Tais números nos levam a crer que o verso cantado por Liniker e Hooker nos trazem alguma verdade: “eles não vão vencer […] ninguém vai poder nos dizer como amar”. A presença tão constante do sexo no imaginário e no cotidiano dos adolescentes da série (e, como sabemos, na vida real), que acabam se conhecendo muito mais cedo do que os adultos com quem convivem, nos leva a refletir sobre a observação de Preciado: as gerações seguintes à chamada revolução sexual não se adaptam à normatividade, pois lidam com a essência plural do amor e do ser humano de maneira mais aberta e com muito mais informação do que as anteriores. Seria a Geração Z mais apta ao amor livre? Isso é bom ou ruim? Vai acabar com a família nuclear?

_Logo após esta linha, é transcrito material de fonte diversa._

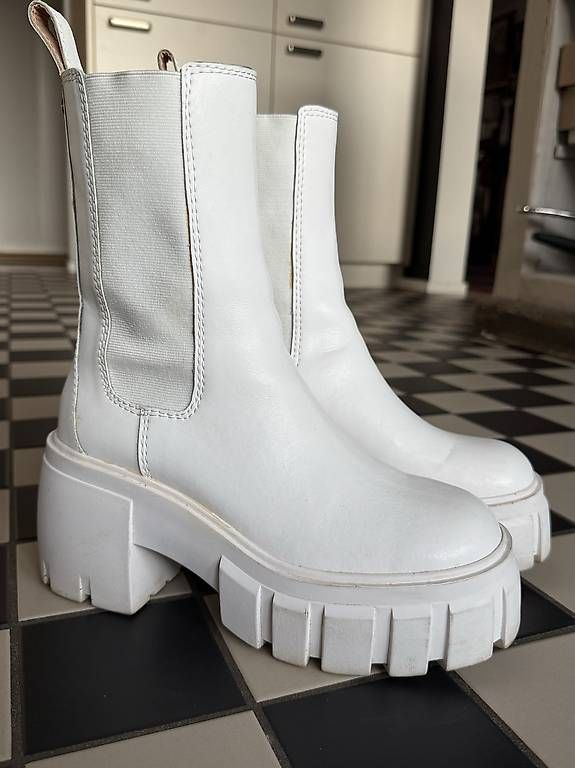 Scarpe da donna: Steve Madden Boots GR 39 – Usato da Dübendorf venduto da lilasonderbar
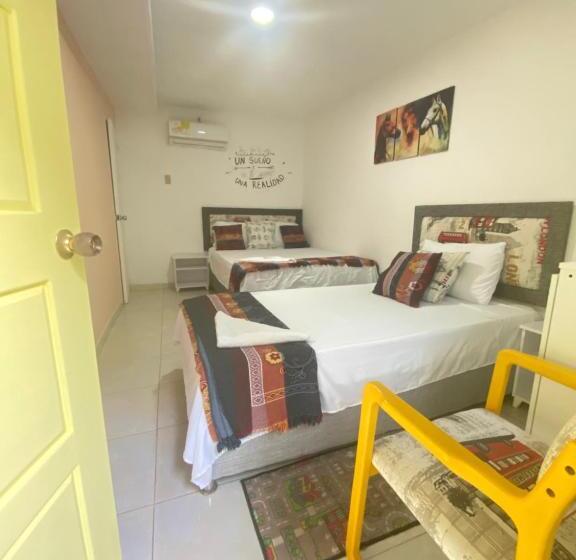 スタンダードトリプルルーム, House Marfito Airport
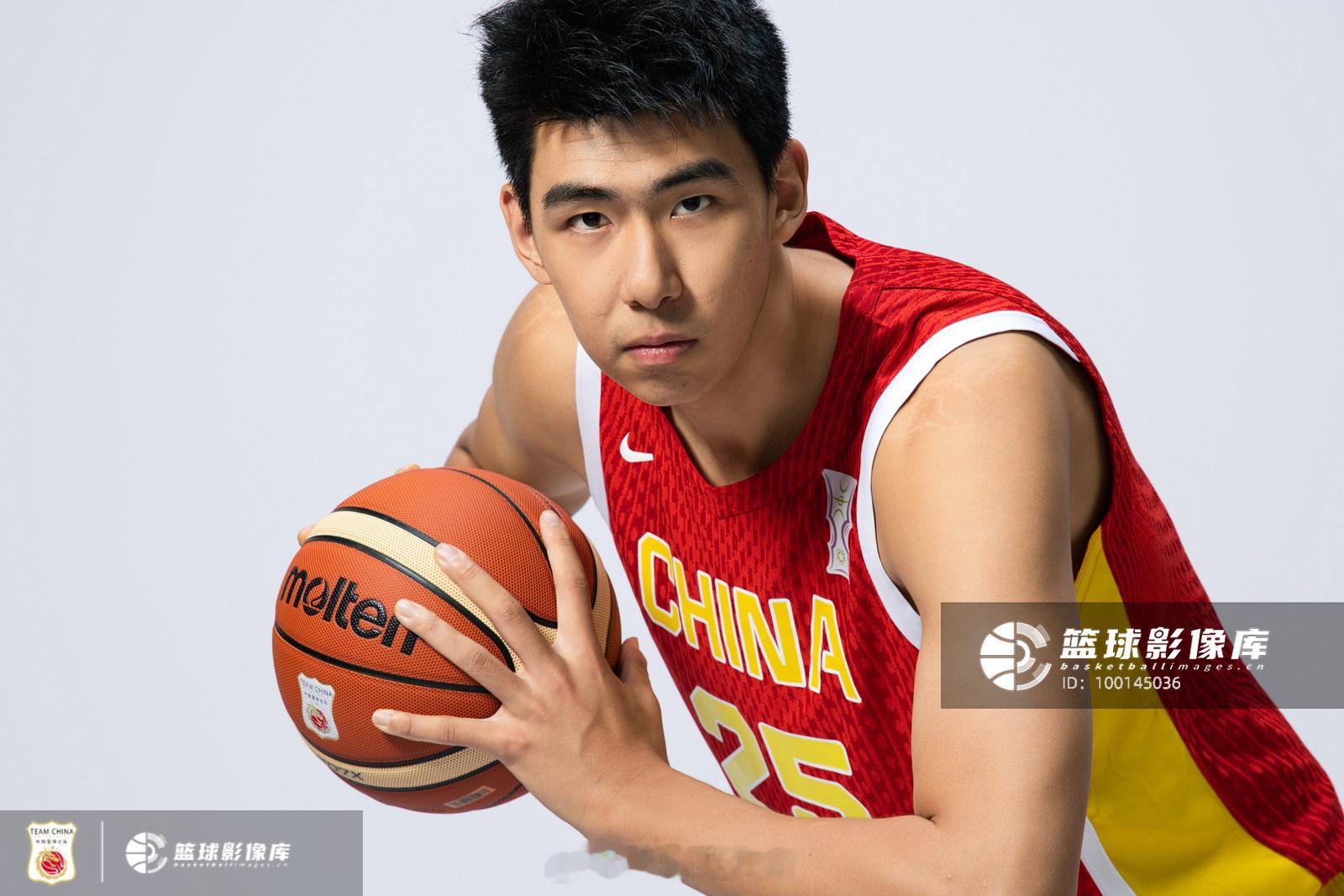 据探长了解，广州龙狮付出一定代价，从广东宏远得到徐昕，他们将先与球员签下为期四年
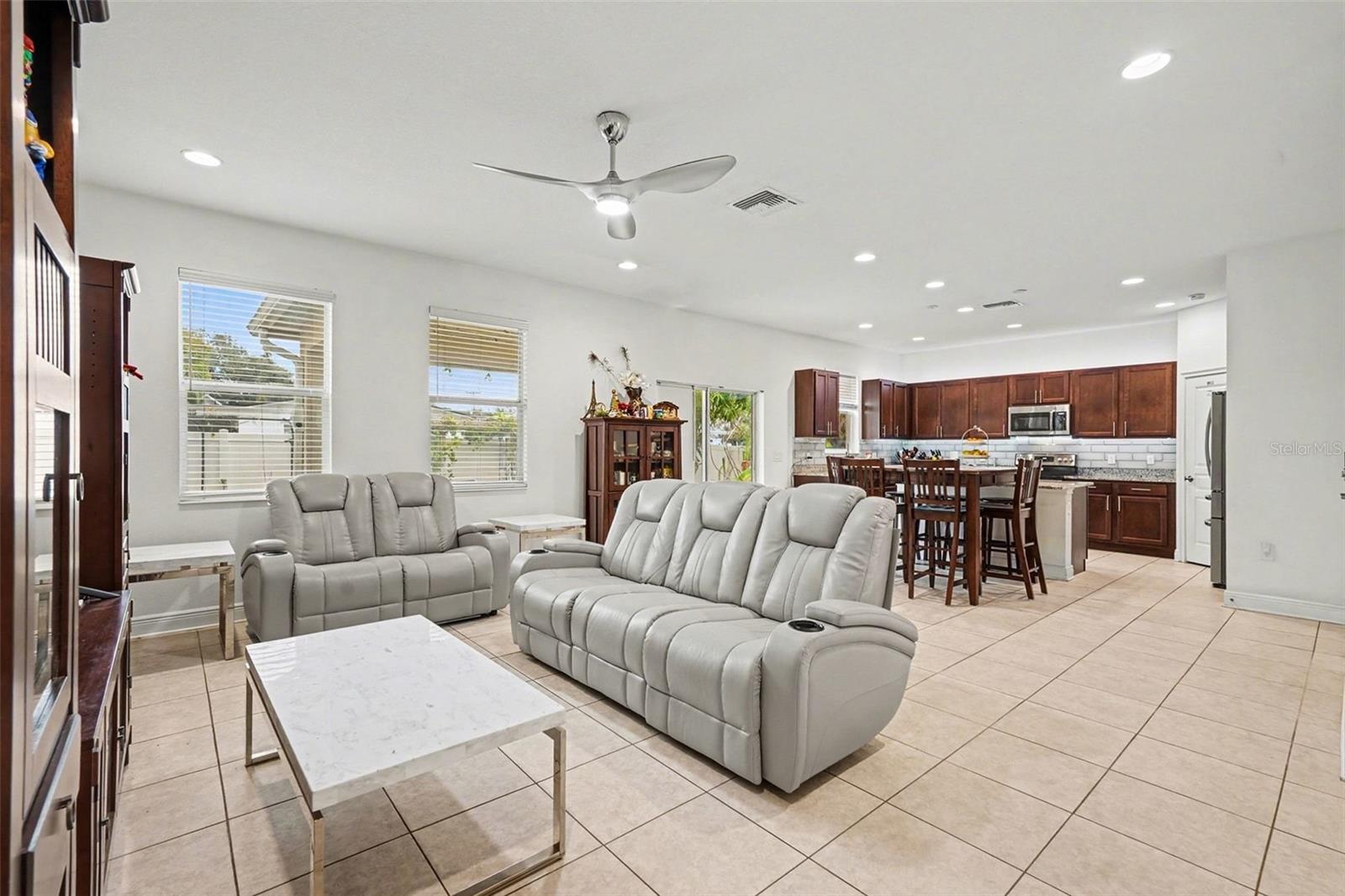 Image 4 of 39 For 1903 State Street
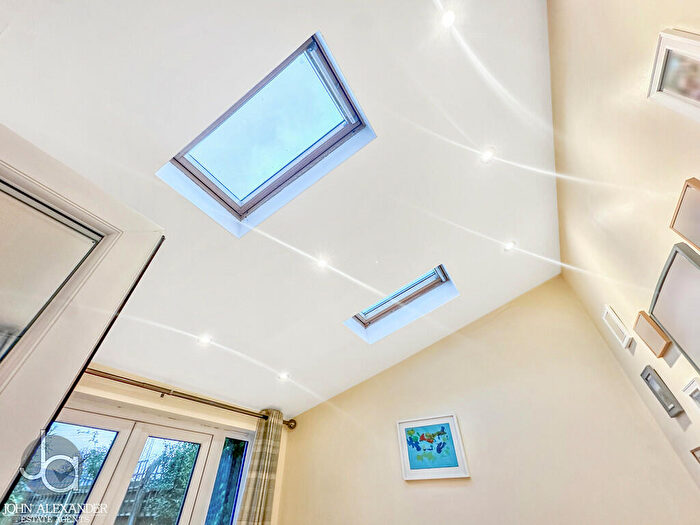 3 Bedroom Semi-Detached House For Sale In Whitehall Close, Colchester, CO2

O que estudiosos da questão vêm mostrando é o contrário. A psicanalista Regina Navarro Lins, autora de mais de 10 livros sobre relações amorosas, expõe em sua obra que é saudável nos abrirmos às novas formas de amar e torná-las públicas. Disso depende a felicidade de pessoas que estão casadas mas não sentem mais desejo sexual pelo(a) parceiro(a); ou que têm desejo por mais de uma pessoa; que querem viver uma experiência sexual independente do parceiro(a) ou junto com ele(a) e mais outro(a)s; que, por medo de julgamentos, acabam deixando de lado sua vida sexual e, junto com ela, o apreço pela descoberta, pela aventura, pelas novas e velhas amizades, pela autoestima e a própria felicidade. Se os modelos familiares se ampliam e são aceitos, ao contrário de sua extinção, eles ganham força. Como dizem, é nos jovens e nas crianças que nossas esperanças são plantadas, pois é neles que vemos florescer novas primaveras.